Problem? What problem? 
I have a couple of QOM me being the only woman having ridden the segment 
Mind, what about all them that ride without gps?
We are fake queens, me thinks!


----------



## jefmcg (19 May 2014)

Oh, I found one of the particularly humiliating emails .... *29m 5s!!!!*


> *Uh oh! Anna Fischer just stole your QOM!*
> 
> You just lost your QOM on Hattingen-Bochum by Pavlo to Anna Fischer by *29m 5s*.
> 
> ...


----------



## helston90 (19 May 2014)

jefmcg said:


> Oh, I found one of the particularly humiliating emails .... *29m 5s!!!!*


Strava tends to think people are going bonkers for each segment- it amused me I was just doing a standard commute and saw someone walking who I needed to stop and speak to, got home updated my strava and where the KOM was something like 1:30 I had a very prompt time of 15 minutes odd.


----------



## jarlrmai (19 May 2014)

My old commute one segment was used as the sprint finish for an elite road race, where a few of the riders had uploaded the segments. Not a chance.


----------



## jefmcg (19 May 2014)

helston90 said:


> Strava tends to think people are going bonkers for each segment- it amused me I was just doing a standard commute and saw someone walking who I needed to stop and speak to, got home updated my strava and where the KOM was something like 1:30 I had a very prompt time of 15 minutes odd.


The difference is, if I'd done the same ride, I might have come home and seen "QOM", followed eventually by "Uh oh" email of shame.

(no one creates segments for distances they do at 10kmh)


----------



## Mo1959 (19 May 2014)

Am I just being petty here? I am a bit miffed at a woman nearby who often does rides on a tandem with her husband and is getting QOM,s due to the extra speed he is generating.


----------



## jarlrmai (19 May 2014)

Tandems should have their own category, as should group rides.


----------



## Mo1959 (19 May 2014)

jarlrmai said:


> Tandems should have their own category, as should group rides.


I think riders have been asking for this for a while but I think Strava has said that it would be too complex to adapt the software??

It would certainly give those of us who ride on our own virtually all the time a more level playing field.


----------



## jefmcg (19 May 2014)

Actually, it looks like they are soliciting support for adding tandems (Elle is a staff member).

Sign up and vote to encourage them to add the facility.

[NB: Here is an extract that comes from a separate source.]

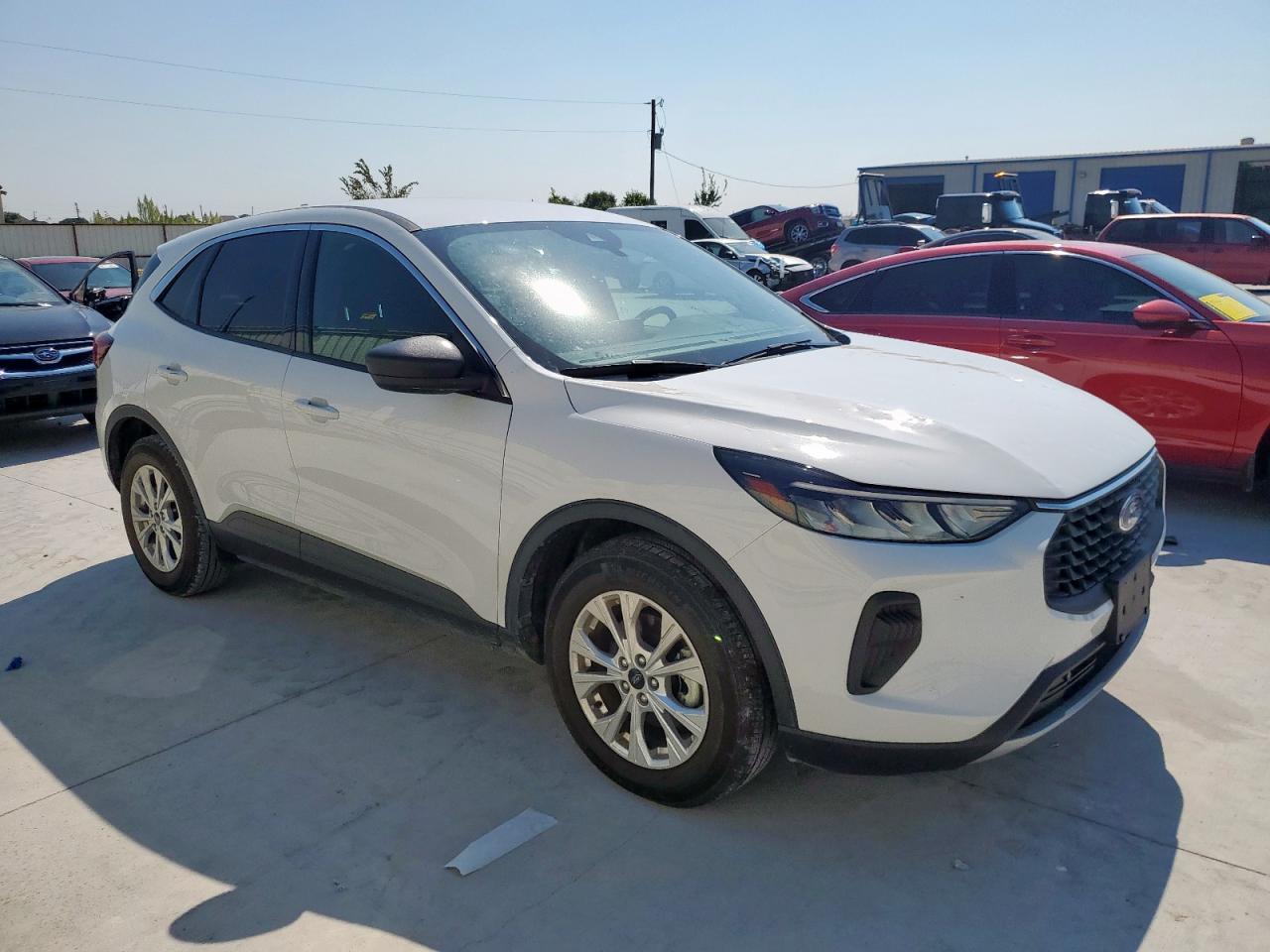 2023 FORD ESCAPE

https://strava.zendesk.com/entries/21119597-Support-Tandem-Cycling-on-Strava


----------



## sheffgirl (19 May 2014)

I used to have 3 QOMs, but now I only have one, and that's on a segment no other woman has done yet.
I want to get back the ones I lost, but 2nd is pretty good I suppose


----------



## Shadowfax (19 May 2014)

QoMs are mostly are pretty meaningless unless its the fastest time of all I'm 2 secs off one, held by hubby and someone else ! He has promised not to beat it if I get it !


----------



## Pat "5mph" (19 May 2014)

Shadowfax said:


> QoMs are mostly are pretty meaningless unless its the fastest time of all I'm 2 secs off one, held by hubby and someone else ! He has promised not to beat it if I get it !


Do you believe him?


----------



## Wobblers (20 May 2014)

Shadowfax said:


> QoMs are mostly are pretty meaningless unless its the fastest time of all I'm 2 secs off one, held by hubby and someone else ! He has promised not to beat it if I get it !



I'd let his tyres down just to be on the safe side!


----------



## Hill Wimp (20 May 2014)

I'm always QOM in my own kingdom and I don't wear a red spotty top either, it just doesn't suit me


----------



## RussellZero (20 May 2014)

It would be interesting to know what your veloviewer score is and if that takes gender into account. You get a higher score for finishing eg. 5th out of 1000 people vs finishing 1 out of 5. I dont know if it filters for gender.


----------



## Shadowfax (20 May 2014)

RussellZero said:


> It would be interesting to know what your veloviewer score is and if that takes gender into account. You get a higher score for finishing eg. 5th out of 1000 people vs finishing 1 out of 5. I dont know if it filters for gender.


 It does indeed but as fewer women do the segments the maxiums are much lower.


----------



## Shadowfax (20 May 2014)

Pat "5mph" said:


> Do you believe him?


See,now you ve done it !
As Mcwobble suggests nobblin' might be the only answer.


----------



## Diggs (20 May 2014)

Hill Wimp said:


> I'm always QOM in my own kingdom and I don't wear a red spotty top either, it just doesn't suit me


 Then you need one of these... Orange spots are much more 2014 http://www.provisionclothing.com/womenstour/strava-replica.html


----------



## Hill Wimp (20 May 2014)

Diggs said:


> Then you need one of these... Orange spots are much more 2014 http://www.provisionclothing.com/womenstour/strava-replica.html


----------



## mrbikerboy73 (20 May 2014)

Strava is like Facebook in as much as it is great fun if it's used properly. But people can become too obsessed with times and segments and who's the fastest.


----------



## Shadowfax (20 May 2014)

mrbikerboy73 said:


> Strava is like Facebook in as much as it is great fun if it's used properly. But people can become too obsessed with times and segments and who's the fastest.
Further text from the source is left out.